PojokTIM – Keramahan Kepala Unit Pengelola (UP) Pusat Kesenian Jakarta (PKJ) Taman Ismail Marzuki (TIM) Arif Rahman sudah terpancar sejak PojokTIM masuk ke ruang kerjanya, Selasa (23/7/2024). Semua pertanyaan dijawab dengan lugas namun bernas.
“Kita memiliki semangat yang sama dalam upaya memajukan kesenian di Jakarta. Hanya kadang cara melihatnya yang berbeda. Tapi itu bukan alasan untuk menjauh, mari tetap cintai TIM,” harap Arif Rahman dengan nada serius.

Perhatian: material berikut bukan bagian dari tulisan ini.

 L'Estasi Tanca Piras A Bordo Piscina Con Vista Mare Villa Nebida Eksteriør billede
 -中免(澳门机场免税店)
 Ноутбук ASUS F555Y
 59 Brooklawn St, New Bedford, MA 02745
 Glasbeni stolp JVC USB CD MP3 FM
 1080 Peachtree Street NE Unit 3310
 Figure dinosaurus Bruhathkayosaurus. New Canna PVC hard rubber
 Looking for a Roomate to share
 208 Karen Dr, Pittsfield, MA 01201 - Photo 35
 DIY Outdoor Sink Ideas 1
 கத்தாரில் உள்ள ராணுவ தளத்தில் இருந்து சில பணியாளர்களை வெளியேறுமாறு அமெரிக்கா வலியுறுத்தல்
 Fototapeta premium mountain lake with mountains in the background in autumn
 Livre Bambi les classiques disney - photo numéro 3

Lebih lanjut, Arif mengajak semua pihak yang ada di TIM untuk dapat duduk bersama merumuskan bahan kebijakan dan program yang sama-sama “menguntungkan” baik dari sisi BLUD selaku pengelola, maupun komunitas seni selaku pengguna. Sebab, menurut Arif, TIM membutuhkan seniman dan komunitas seni.
Kepada Ketua Simpul Seni Dewan Kesenian Jakarta (DKJ) Imam Ma’arif yang mendampingi selama wawancara, Arif berharap BLUD bisa bersinergi dengan semua ekosistem yang ada di kawasan TIM. PKJ TIM juga siap menggelar kegiatan-kegiatan besar yang direkomendasikan DKJ dengan menggandeng komunitas yang ada.
“Di satu sisi kebijakan BLUD harus diterapkan, termasuk memenuhi target-target yang telah ditetapkan. Di sisi lain, saya juga ingin komunitas seni berkembang dan melahirkan karya-karya besar seperti di masa lalu,” kata Arif Rahman.
Berikut rangkuman wawancara PojokTIM dengan Arif Rahman di ruang kerjanya.
Jakarta telah ditetapkan sebagai kota global. Di mana posisi TIM?
TIM berkomitmen menjadi yang terdepan berkontribusi dalam mendukung Jakarta sebagai global city melalui penyelenggaraan event kesenian berskala besar dan rutin, sebab itulah salah satu indikator utama sebagai kota global.
Tentu dibutuhkan peran serta DKJ untuk melakukan kurasi terhadap karya-karya yang dinilai layak dipentaskan di TIM dan mana yang belum, sehingga mampu mendorong para seniman untuk menghasilkan karya terbaiknya.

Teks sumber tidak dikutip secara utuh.